Mateo Retegui (born 29 April 1999) is a professional footballer who plays as a forward for Tigre on loan from Boca Juniors and the Italian national team.

Club career
Retegui began his senior career with Boca Juniors, who signed him years prior from River Plate. He was first promoted into the club's first-team by manager Guillermo Barros Schelotto during the 2017–18 Argentine Primera División season, appearing as an unused substitute on occasions against Arsenal de Sarandí and Estudiantes in December 2017. His professional debut arrived on 17 November 2018, with the forward being substituted on for the final moments of a 1–0 home win over Patronato.

January 2019 saw Retegui loaned to Estudiantes for eighteen months. He appeared eight times in 2018–19, before scoring five goals in twenty-one appearances in 2019–20.

In February 2022, Retegui joined Tigre on a loan deal until the end of 2023.

International career
Retegui represented Argentina at U19 and U20 level, including for the latter at the 2018 South American Games.

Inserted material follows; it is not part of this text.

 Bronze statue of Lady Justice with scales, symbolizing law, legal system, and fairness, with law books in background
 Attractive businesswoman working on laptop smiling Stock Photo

Being eligible to play for Italy through descent, on February 2023 it was reported Retegui was pre-selected by Roberto Mancini to join the Azzurri team for the first UEFA Euro 2024 qualification games. On 17 March 2023, Retegui received his first official call up to the Italian national team.

Personal life
Retegui is the son of former field hockey player Carlos Retegui, who represented Argentina at various Pan American Games. Retegui is represented by Francesco Totti's agency.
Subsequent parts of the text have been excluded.